This stroke uses the muscles in the lead shoulder. Contracting muscles at the front of the shoulder pull the arm across the chest. Contracting muscles at the back of the shoulder pull the arm back to its start position, and then onward into the follow-through.
To get a sense of the motion, stand straight and hold your arms straight out in front so they are horizontal to the ground and ninety degrees to the spine. Now, move both arms to the left, and then to the right. To move the arms toward the centre of the body, muscles connecting the upper arm and the shoulder contract, pulling the upper arm toward the centre of the body. To move the arms away from the centre of the body, muscles connecting the upper arm and the shoulder contract, and pull the upper arm toward the back.
The trailing arm is essentially along for the ride. The reason has to do with body geometry. As the lead arm moves across the body, the distance between the trailing shoulder and the grip gets smaller. Eventually the distance is so small that the trailing arm must bend at the elbow.
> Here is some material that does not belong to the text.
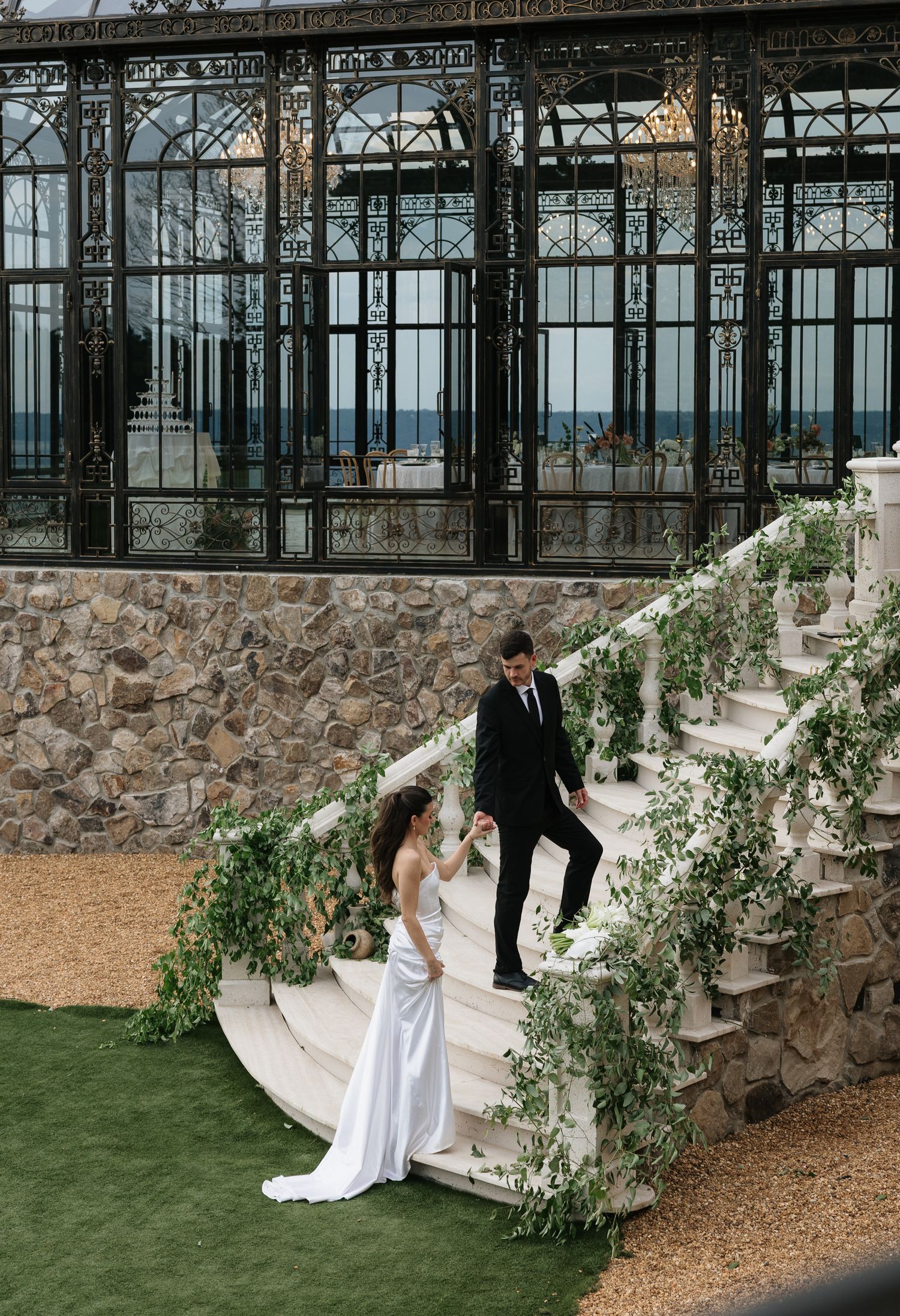 Bride and groom on vine-covered stone stairs outside elegant glass conservatory venue.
This elbow bend creates unpredictability in the stroke. For this reason, one does not want to use the trailing arm as a power source to push the putter along. The reverse occurs in the forward stroke, with the lead arm bending. By this point, however, the ball is already on its way, so the bending does not matter.
The shoulders remain horizontal to the ground throughout the stroke.
Care should be taken to not move the lead shoulder socket while moving the upper arm in the lead shoulder socket, particularly toward the end of the range of motion of the upper arm in the shoulder socket. In our daily lives, we often move both the upper arm in the shoulder socket and the shoulder socket together. One can tell whether the shoulder socket is moving by sensing the muscles that are contracting. Muscles that move the upper arm in the shoulder socket are close to the shoulder socket. Muscles that move the shoulder socket are in the chest.
To practice the stroke, putt with only the lead arm. While it may feel awkward at first, one should eventually get the feel of the stroke.
The graphic below illustrates key aspects of the stroke.
In this stroke, only two muscles groups are involved, specifically those that are attached to the upper arm and shoulder socket. They contract to pull the lead upper arm to centre of the body on the back stroke and away from the centre of the body on the down-stroke and follow-through.
Only the muscles in the lead shoulder are involved, so the degree of coordination is high.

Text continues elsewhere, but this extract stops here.